Die Insel des Doktor Moreau ist ein Science-Fiction-Roman des englischen Autors H. G. Wells (1866-1946) aus dem Jahr 1896 - hier in neu übersetzter Ausgabe. Der Text des Romans ist die Erzählung von Edward Prendick, der ein schiffbrüchiger Mann ist, der von einem vorbeifahrenden Boot gerettet wird. Er wird auf der Insel zurückgelassen, auf der Doktor Moreau lebt, ein verrückter Wissenschaftler, der aus Tieren durch Vivisektion menschenähnliche Mischwesen erschafft. Der Roman behandelt eine Reihe von philosophischen Themen, darunter Schmerz und Grausamkeit, moralische Verantwortung, menschliche Identität und menschliche Eingriffe in die Natur. Wells beschrieb ihn als "eine Übung in jugendlicher Blasphemie".Die Insel des Doktor Moreau ist ein klassisches Werk der frühen Science-Fiction und bleibt eines von Wells' bekanntesten Büchern. Der Roman ist die früheste Darstellung eines Science-Fiction-Motivs, bei dem eine höher entwickelte Rasse in die Evolution einer Tierart eingreift, um diese auf eine höhere Intelligenzstufe zu bringen. Das Werk wurde mehrfach verfilmt und in anderen Medien adaptiert.
Frankfurter Allgemeine Zeitung | Besprechung von 25.11.2023Wer nennt sich Mensch und will dem Tiger in die Streifen greifen?

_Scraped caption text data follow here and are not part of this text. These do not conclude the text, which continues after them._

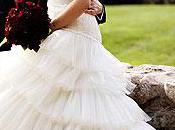 Celebrity Wedding Dresses 2011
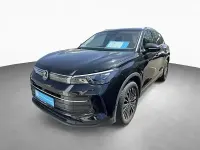 Gebraucht VW Tiguan Life 150 PS (110 kW) 2025 Grenadillschwarz metallic SUV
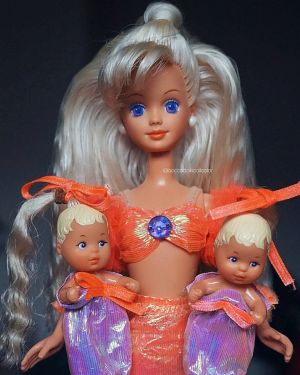 1994 Mermaid Skipper & the Sea Twins   #10506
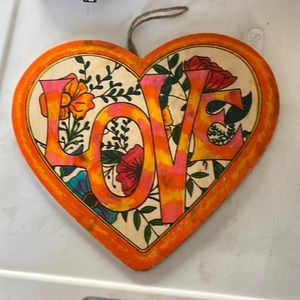 Beautiful homemade decor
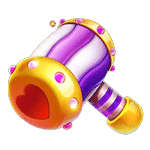 SCATTER SYMBOL เกมSWEET BONANZA DICE ค่าย PRAGMATIC PLAY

Der mit Wissenschaft getränkte Gruselroman "Die Insel des Doktor Moreau" von H. G. Wells ist ein Klassiker der Zivilisationskritik. Eine vom Künstler Bill Sienkiewicz bebilderte Neuausgabe entdeckt ihn wieder und beweist, dass seine stofflichen und formalen Vorzüge hochaktuell sind.
Von Dietmar Dath
Wir sind reicher als Herbert George Wells am Ende des neunzehnten Jahrhunderts war, aber ärmer sind wir auch. Er hatte mehr Phantasie, wir haben mehr Mittel, die Plastizität des Lebendigen unseren Zweckbestimmungen zu unterwerfen. Er hatte Gesellschaft, die andere nicht sehen konnten, als er sein Buch "Die Insel des Doktor Moreau" (1896) schrieb; Albträume vom Absehbaren umgaben ihn: "Die beiden furchtbarsten Tiermenschen waren mein Leopardenmensch und ein Geschöpf, das aus einer Hyäne und einem Schwein gemacht war. Größer als diese waren die drei Stiermenschen, die das Boot ruderten." Nicht leicht, die Übersicht zu behalten: "Ferner gab es noch drei Schweinemänner und eine Schweinefrau, ein Rhinozerosstutengeschöpf und mehrere andere Weibchen, deren Herkunft ich nicht feststellen konnte." Dem Schöpfer dieser Originale stand Wells in seiner Innenschau ebenfalls gegenüber; der sah nicht originell aus: "Ich schaute ihn an und sah nur einen Mann mit weißem Gesicht und weißem Haar und ruhigen Augen". Seine Ansichten sind weniger ruhig: "Das Studium der Natur macht den Menschen schließlich so gewissenlos wie die Natur selbst", sagt Doktor Moreau in der angemessen wuchtig-kalten Übersetzung von Felix Paul Greve. Die große, blutige Ausrede klingt hier, als hätte sie tatsächlich ein Deutscher entdeckt oder sonst ein schlecht erzogener Wilder.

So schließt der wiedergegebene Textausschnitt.